WHEN IT comes to post-16 curriculum reform, the Government wishes to be seen to be doing its duty. Its more radical reforming fire is reserved for improving the standards of compulsory schooling, writes Elaine Williams.
Politicians realise that they have manifesto commitments to fulfil: to broaden A-levels and upgrade vocational qualifications, underpinning them with "rigorous standards" and key skills. They have to be seen to be taking the Dearing report on higher education forward, and, although they favour a strong qualifications framework, there is no desire to expend energy heading down the baccalaureate route. The Government wants to keep Joe Public on board and has no stomach for taking on those Rottweiler guardians of A-levels - the leader writers of the popular press.
"Qualifying for Success" is an inspired piece of muted political pragmatism. It states which bits of Dearing it is prepared to move forward on and which bits it feels more equivocal about. Through a series of 19 questions, it invites response and debate on all the important issues on the understanding that, while it is prepared to establish building blocks for a broader curriculum, though retaining a commitment to A-levels, the issue of overarching certification is for a future day and certainly for a future parliament.
It seeks to avoid banana skins at all costs and any decisions that could be considered rash. The paper sets out the Government's commitment to creating clear parity of esteem between the vocational and academic routes into higher education: the A-level and GNVQ. It reopens the question of naming the Advanced GNVQ the Applied A-level and it suggests new three and six-unit GNVQs that would be equivalent to the new, renamed AS - the Advanced Subsidiary level - and an A-level.
The paper proposes to realign GNVQ and A-level grading scales so that they are directly equivalent and clear to admissions officers. The key innovation, however, the three-unit building block, not dissimilar to a Scottish Higher, will become the chief foundation of a broader curriculum. Each A-level would incorporate the AS element and marks from the AS would contribute to the A-level grade.
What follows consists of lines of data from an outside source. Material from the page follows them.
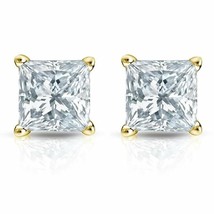 0.50CT Princess Cut Genuine G/SI2 Diamonds 14K Solid Yellow Gold Stud Earrings - £362.86 GBP
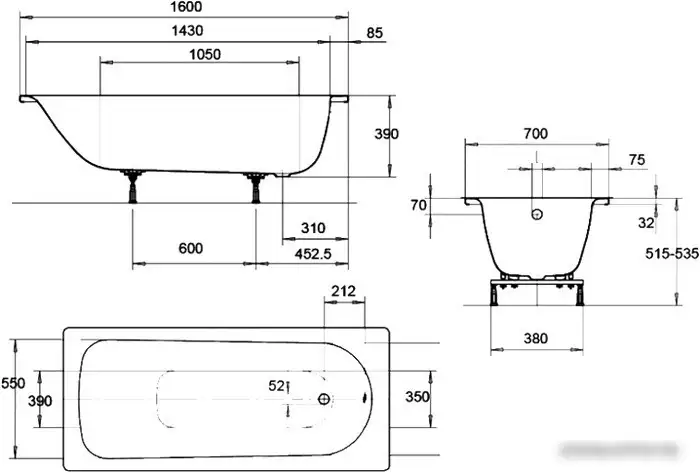 Ванна Eurowa 160x70 - фото товара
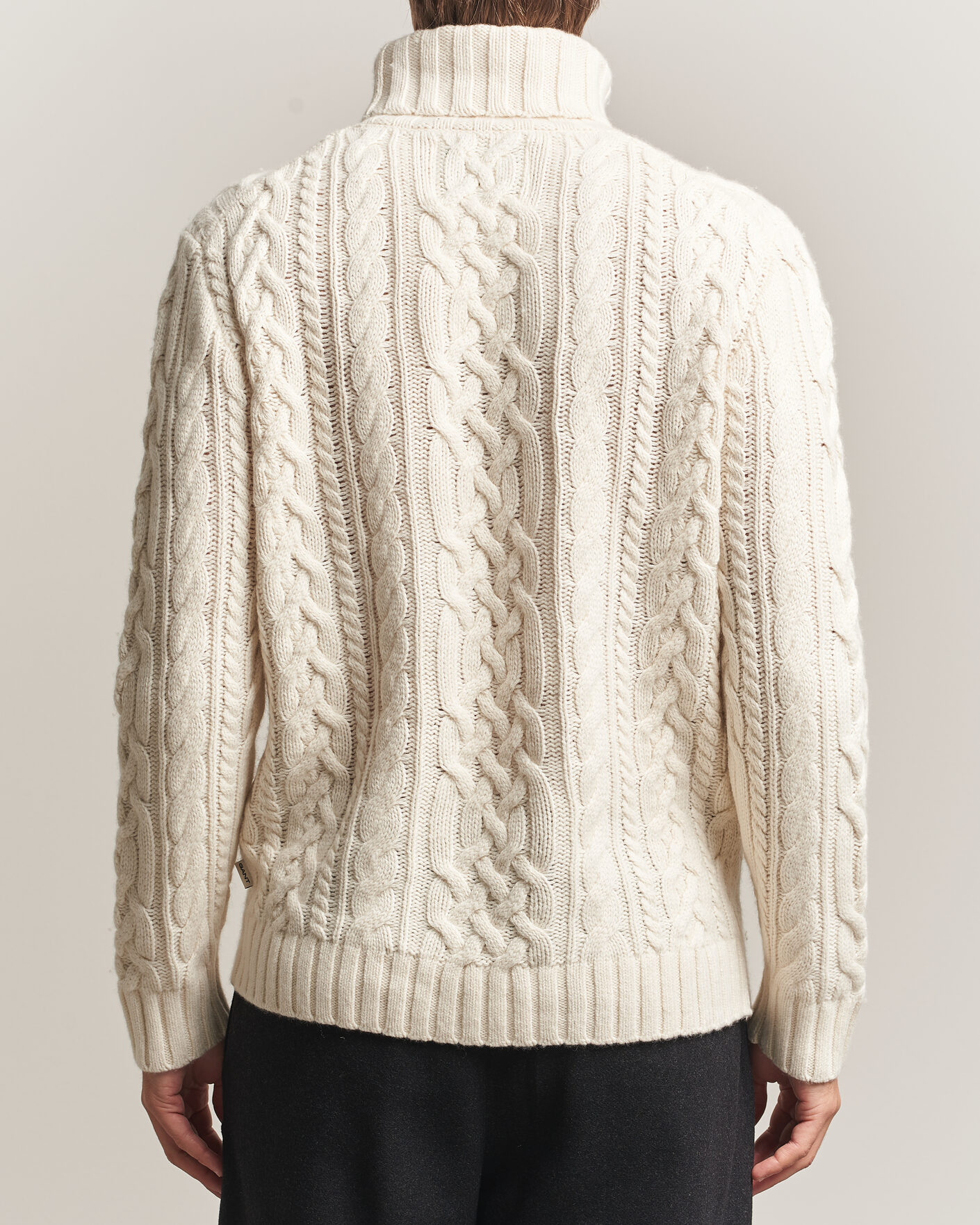 Men | Sweaters & Knitwear | Gant | Wool/Cotton Cable Knitted Turtleneck Cream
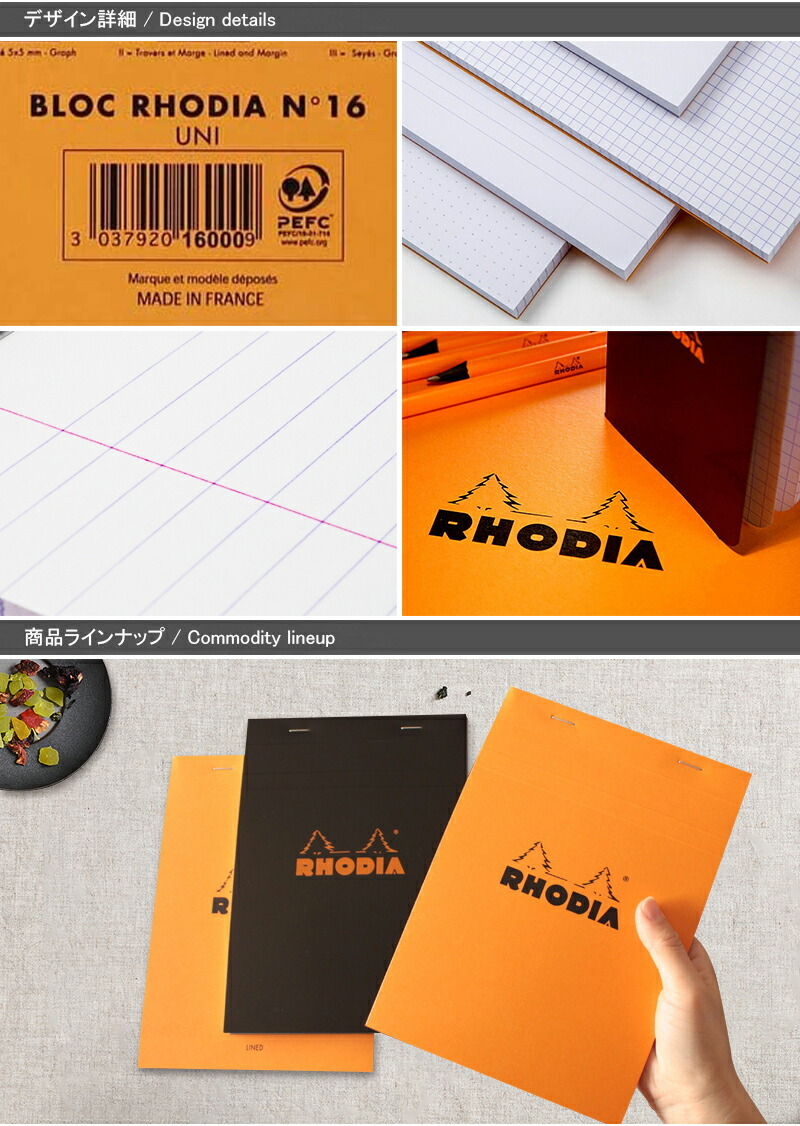 RHODIA（ロディア） ブロックメモ帳 NO.16 A5 方眼/横罫/ドット 148mm
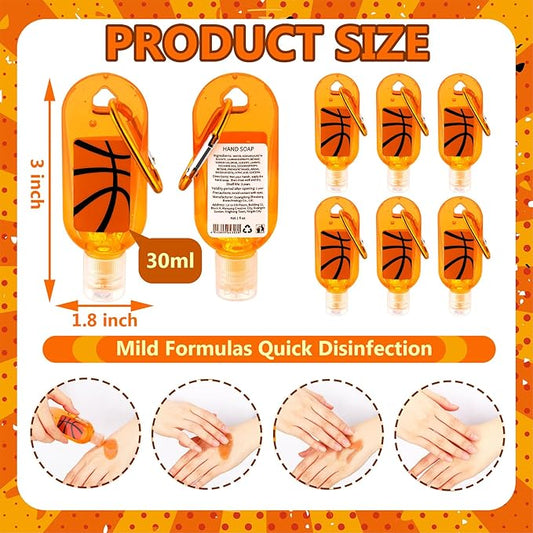 Kigeli 24 Pack Basketball Hand Sanitizers Keychain Bulk Gift Mini Travel Size Hand Sanitizer Gel Keychain Bulk Gift for Basketball Lovers Sports Team Birthday Party Favors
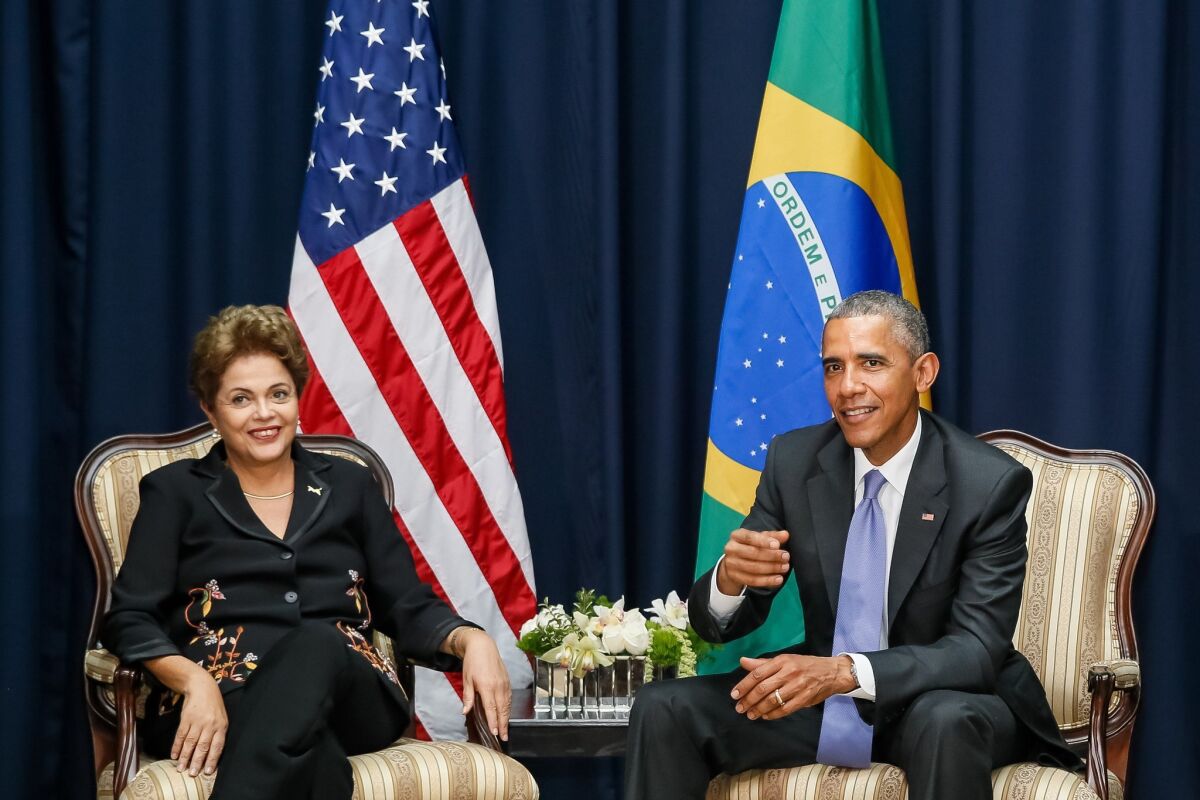 Brazilian President Dilma Rousseff meets with President Obama on the sidelines of the seventh Summit of the Americas in Panama City.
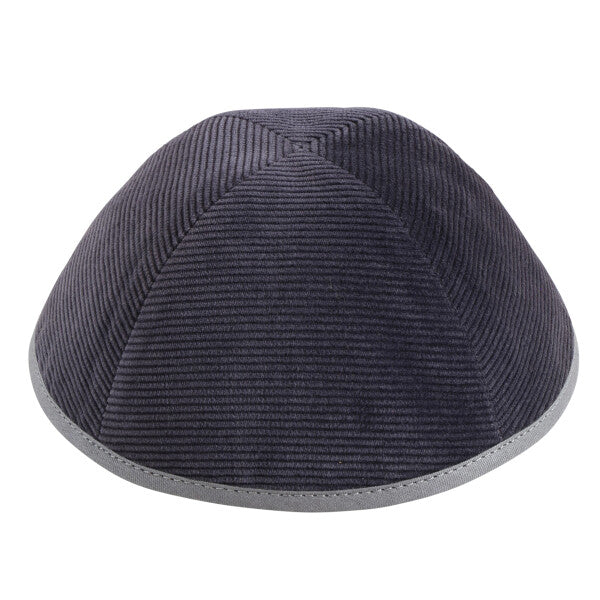 Grey Corduroy with Light Grey Rim Yarmulka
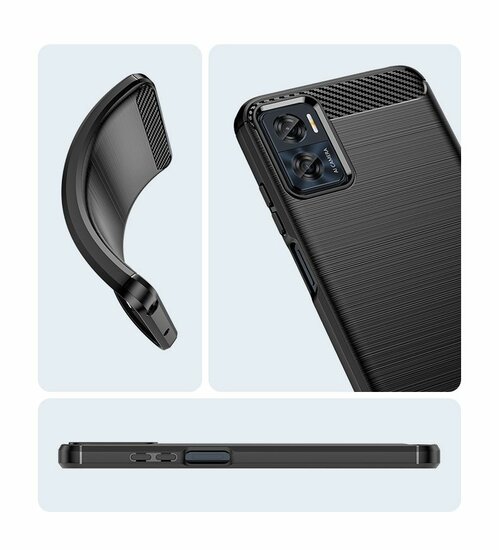 Motorola Moto E22 / E22i Hoesje - MobyDefend TPU Backcover - Geborstelde Metaal &amp; Carbon-Look - Zwart
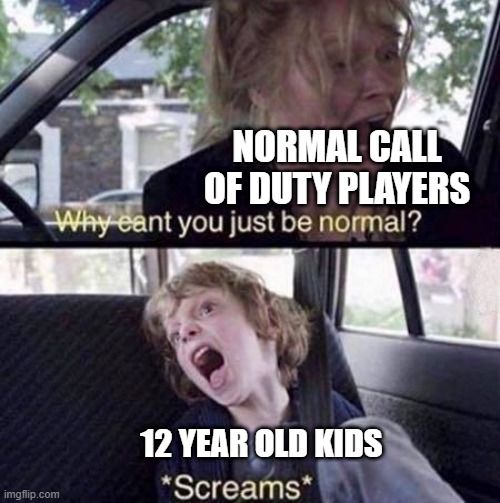 Why Can't You Just Be Normal | NORMAL CALL OF DUTY PLAYERS; 12 YEAR OLD KIDS | image tagged in why can't you just be normal,call of duty,gaming,memes,funny,so true memes | made w/ Imgflip meme maker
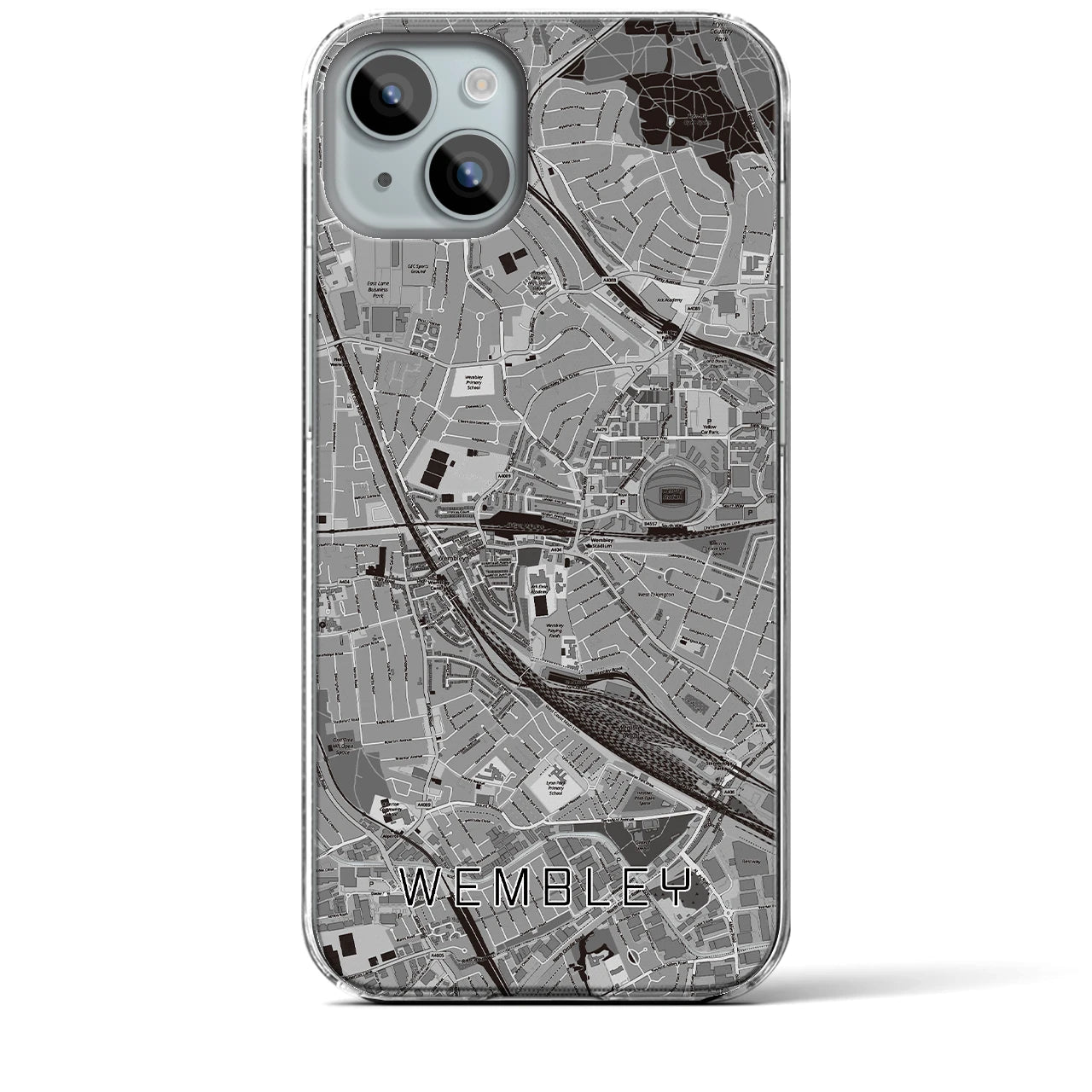 【ウェンブリー(イギリス)】地図柄iPhoneケース(クリアタイプ)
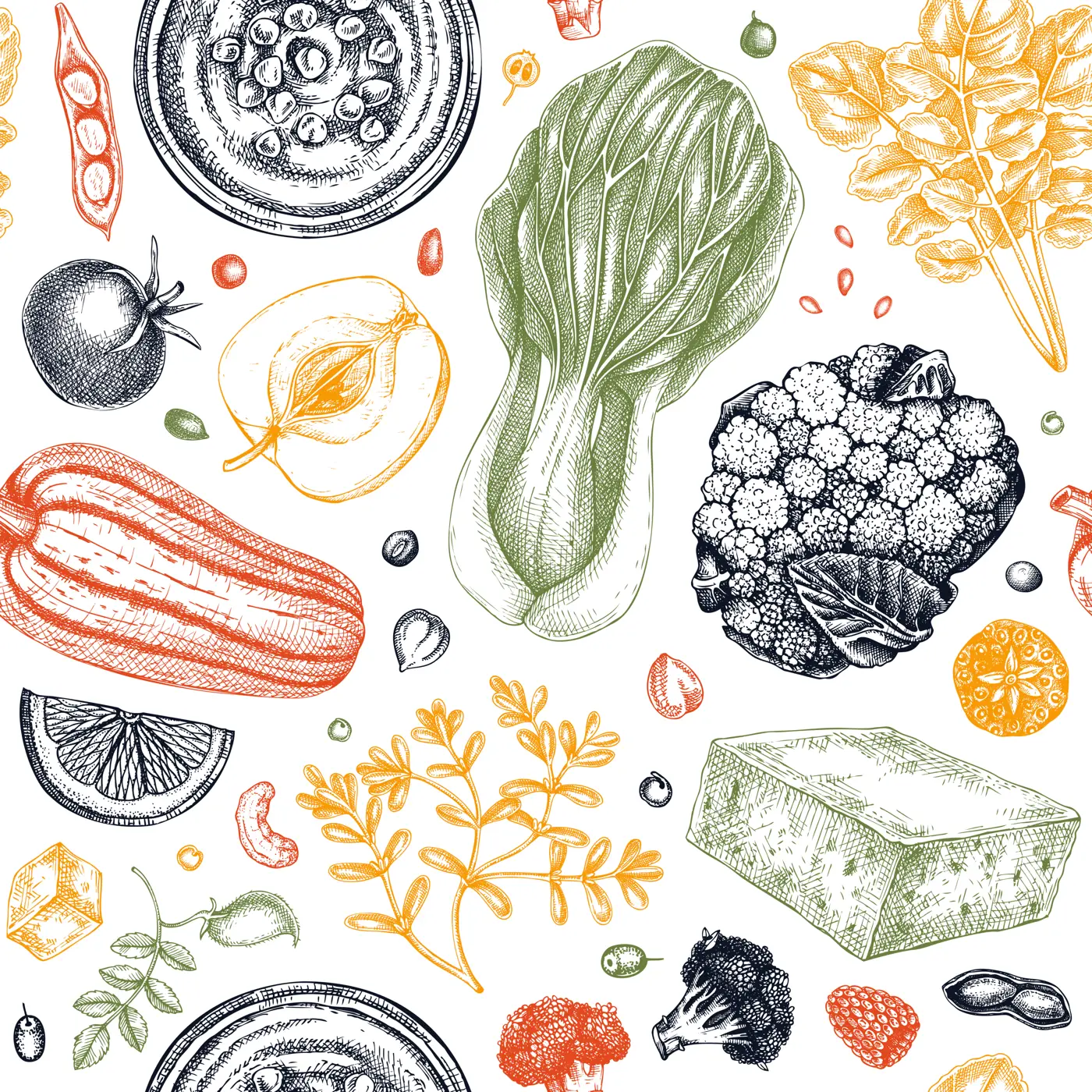 Vegan food seamless pattern. Healthy food illustrations. Hand-drawn vegan meals background for menu, recipe, packaging design. Vegan food, nuts, seeds, fruits, veggies, tofu sketches backdrop Illustration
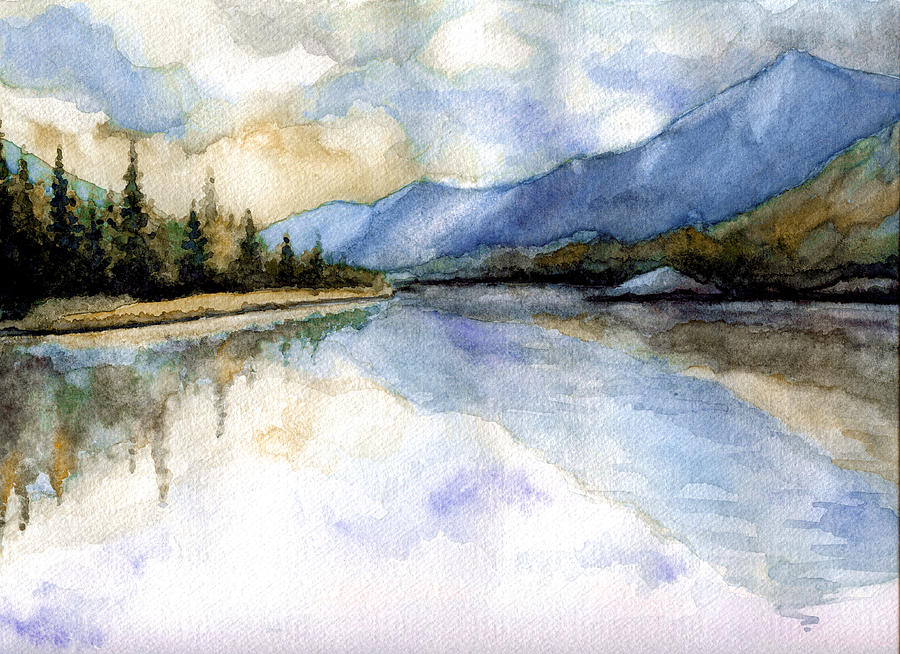 Montain Lake landscape Painting by Alban Dizdari
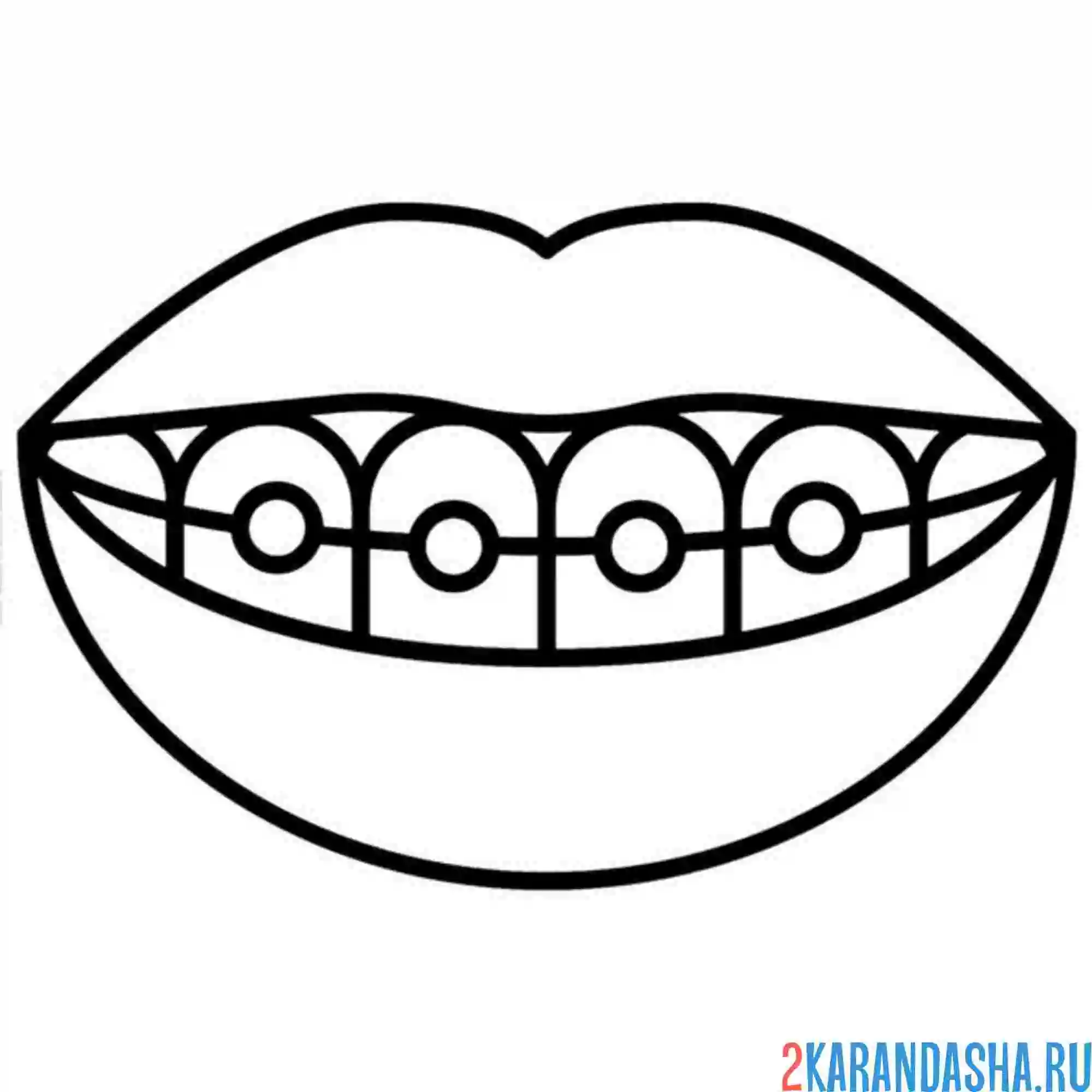Раскраска рот зубы брекеты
The Government is also consulting on whether there should be more modules at A-levels (exams taken during the course instead of one exam at the end) and what the proportion of internal to external assessment should be. It states its attraction "to loosening the restrictions on coursework in A-level (limited to 20 per cent of total marks apart from practical subjects such as art).
The paper also underlines Labour's manifesto commitment to ensure that all 16 to 19-year-olds gain new qualifications in literacy, numeracy and information technology; a new single key skills qualification is being piloted. More controversially, it includes an option to link "levels of student support in higher education to prior attainment of key skills". It acknowledges that the wider key skills of improving own learning and performance, working with others and problem-solving should also be certified, and asks how this might be done.
Officials at the Department for Education and Employment are eager to point out that the Government doesn't think it should "go ahead with all these at once", but only "when people are satisfied that the timing is right". In particular, it aims to give a further year for putting in place new key skills and AS qualifications, planned under Dearing for next year.
Where Dearing proposed an overarching National Certificate at intermediate level and a Diploma at advanced level, the Government intends to focus on an advanced level alone. However, moving away from Dearing's three-track approach, this overarching framework will allow the mixing of academic and vocational: A-level, GNVQ and NVQ.
The Government makes it clear that depth of attainment must be rewarded and that there should be differentiation to record a range of achievement. Any certificate must require attainment in "whole qualifications" and learners should not be encouraged to pick and mix unrelated units. In passing reference to funding issues that overarching certification would certainly throw up, the document also asks how much taught time would be required to deliver "the necessary programme of study to full-time participants over two years".